**Problem**
Restate the listing that follows word for word, without its pictures.

**Data**
= Beginning of Section =

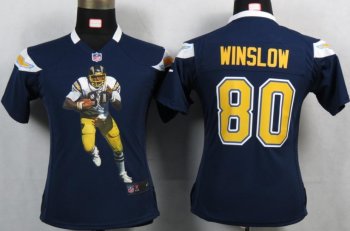 Cheap Womens Nike San Diego Charger 80 Winslon Blue Portrait Fashion Game Jerseys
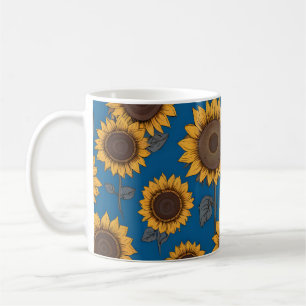 Caneca De Café Padrão de girassóis bonitos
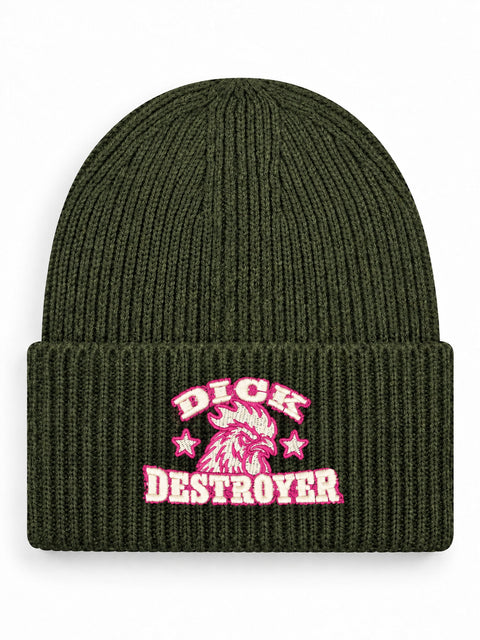 Dick Destroyer – Hatitude Oversized Cuffed Beanie Olivgrön, brodyr framifrån
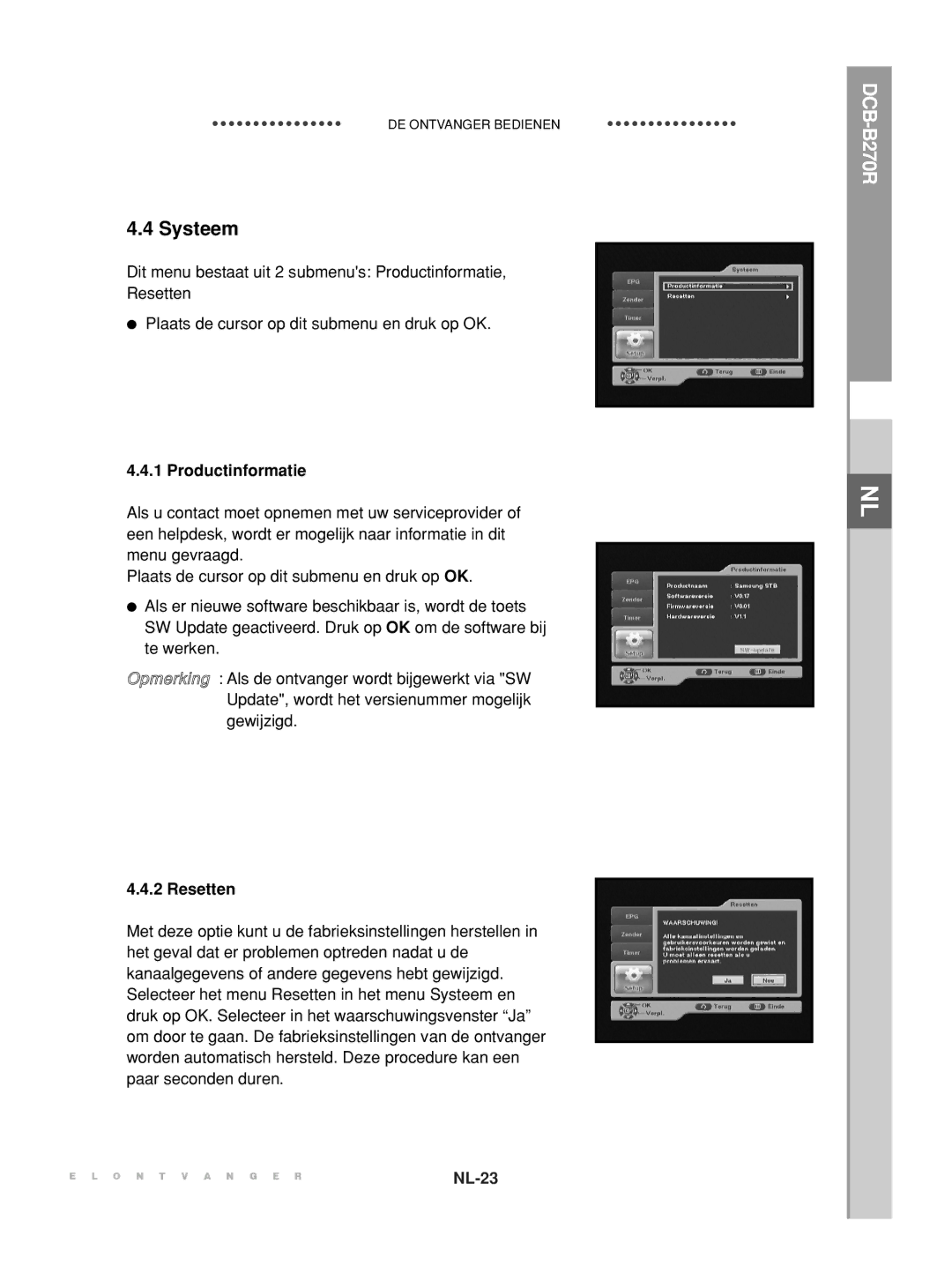 Samsung DCB-B270R manual Systeem, Productinformatie, Resetten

= End of Section =

**Exercise solution**
 Cheap Womens Nike San Diego Charger 80 Winslon Blue Portrait Fashion Game Jerseys
 Caneca De Café Padrão de girassóis bonitos
 Dick Destroyer – Hatitude Oversized Cuffed Beanie Olivgrön, brodyr framifrån
 Samsung DCB-B270R manual Systeem, Productinformatie, Resetten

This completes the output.